In this information era, it is more important than ever to provide Canadians with reliable and timely data in order to enable informed decision-making.
Statistics Canada is using web scraping to gather data efficiently. Web scraping is a process by which information is collected and copied from the Internet for analysis.
The use of web scraping is part of a broader effort to reduce burden on businesses and organizations while continuing to provide high-quality, timely data in a cost-effective manner.

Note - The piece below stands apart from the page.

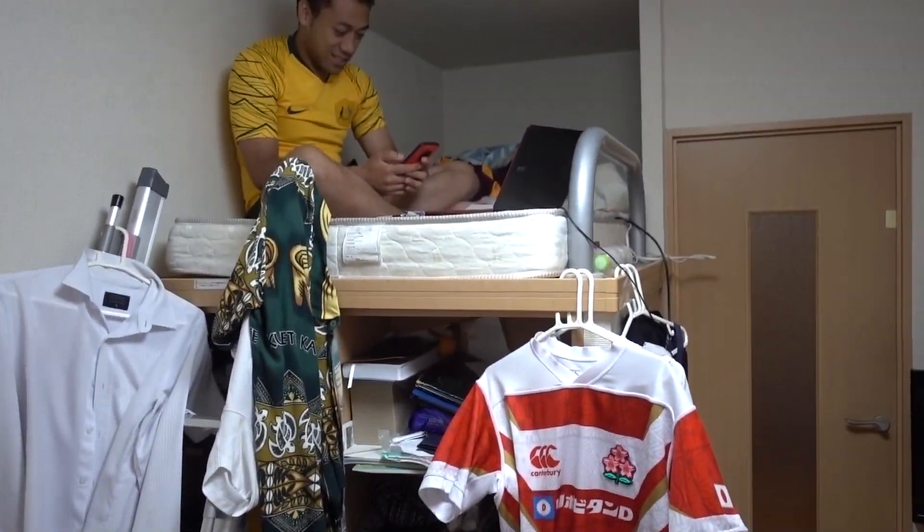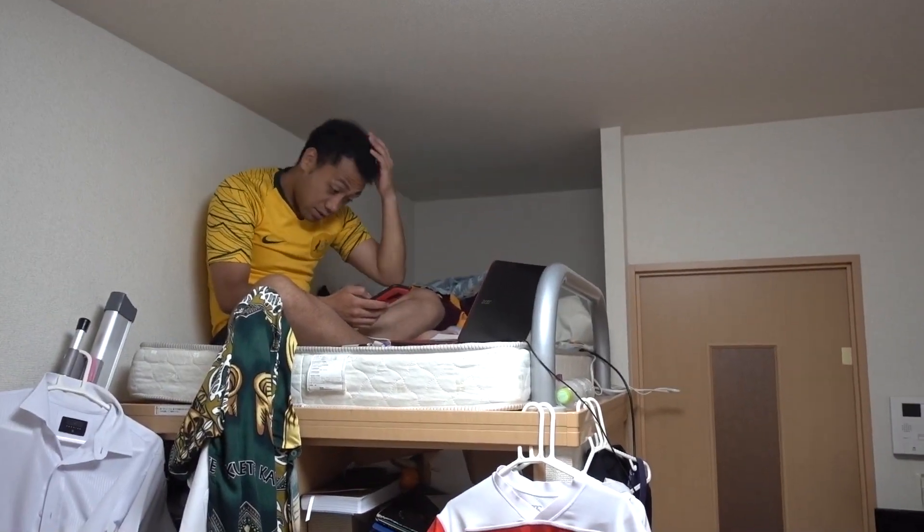Cost of living is really high in cities because there's no space and everyone wants to be there. But that was it — not very long because there's not much space in here. That's gonna conclude this apartment tour in outer Tokyo, Saitama. Hope you enjoyed that one, thank you Moses, and we'll see you in the next one. Peace.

In the spirit of openness and transparency, Statistics Canada is committed to respecting the following best practices when conducting web scraping.
Statistics Canada will:
- Transparency
- carry out web scraping activities in a transparent, consistent and ethical manner;
- notify the relevant companies that web scraping activities will be taking place;
- publish the results of the web scraping activities on its website;
- conduct all web scraping activities on Statistics Canada authorized computer equipment connected to its highly secure networks and secure the data on encrypted servers.
- Ethics
- use web scraped data appropriately and responsibly in statistical programs in order to facilitate fulfilment of its mandate;
- collect only data available to the public from businesses and organizations for use in its statistical and research programs;
- take steps to minimize burden on the websites, such as scraping during off-peak hours and only as needed, and coordinating data requirements across statistical programs to avoid duplicating efforts;
- use an application programming interface (API) when possible in lieu of web scraping;
- limit collection to only what is necessary and proportional for the production of the required statistical outputs.
Statistics Canada will not:
- scrape personal information about individuals from any website;
- scrape personal information that could establish a profile of individuals;
- resell web scraped data or use them for commercial purposes;
- scrape any information that will not be used to produce statistical outputs.